Greatly improve the performance of form_tree when regridding.

JiakunYan commented 1 year ago

This PR changes the HPX launch policy of the dataflow in form_tree from sync to async. This change greatly improves the scalability of Octo-Tiger.

Experiment setting: SDSC Expanse, AMD EPYC 7742 (128 core/node), 32 nodes, max level is 7, stop step is 5, rotating star, HPX LCI parcelport.

Before this change, the execution time is

   Total: 61.0584
   Computation: 42.8371 (70.1575 %)
   Regrid: 34.1035 (55.8538 %)
   Computation + Regrid: 76.9405 (126.011 %)

In particular

checking for refinement
regridding
Regridded tree in 0.048255 seconds
rebalancing 196809 nodes with 172208 leaves
Rebalanced tree in 0.127481 seconds
forming tree connections
32248 amr boundaries
Formed tree in 14.557350 seconds
solving gravity
regrid done in 15.936172 seconds

The time spent on forming tree is 14.5 s.

After the change, the execution time is

   Total: 51.4378
   Computation: 43.717 (84.9899 %)
   Regrid: 15.2881 (29.7216 %)
   Computation + Regrid: 59.0051 (114.712 %)

In particular

regridding
Regridded tree in 0.049329 seconds
rebalancing 196809 nodes with 172208 leaves
Rebalanced tree in 0.120191 seconds
forming tree connections
32248 amr boundaries
Formed tree in 6.408102 seconds
solving gravity
regrid done in 7.681241 seconds

JiakunYan commented 1 year ago

More details:

I also implemented tracing for HPX. The blue bar shows the number of messages sent every 0.1 seconds. The orange line shows the total bytes sent every 0.1 seconds.

Rank 0: Before the change:

After the change:

Rank 21: Before the change:

After the change:

Rank 31: Before the change:

After the change:

Before the change, there are time durations when Octo-tiger is sending almost no messages.
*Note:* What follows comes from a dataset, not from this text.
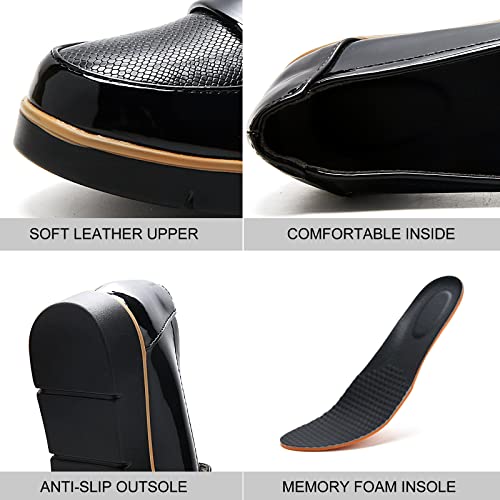 Image of UZB Slip On Loafers for Womens Leather Comfort Memory Foam Dress Shoes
With some prints, I found Octo-Tiger was performing “form tree” at that time. There are also small spikes of messages in these “form tree” duration. The time of these spikes changes from rank to rank. Therefore, I think Octo-Tiger is doing poorly in parallelizing the “form tree” task between ranks, and this PR greatly improves it.

JiakunYan commented 1 year ago

I also tested with HPX MPI parcelport with max_level=6 (max_level=7 didn't finish within 5 minutes). The "total time" improved from ~14 seconds to 11.7 seconds.

G-071 commented 1 year ago

Thanks for all your work on this! I think we can merge this (the one failing test should be unrelated to this PR).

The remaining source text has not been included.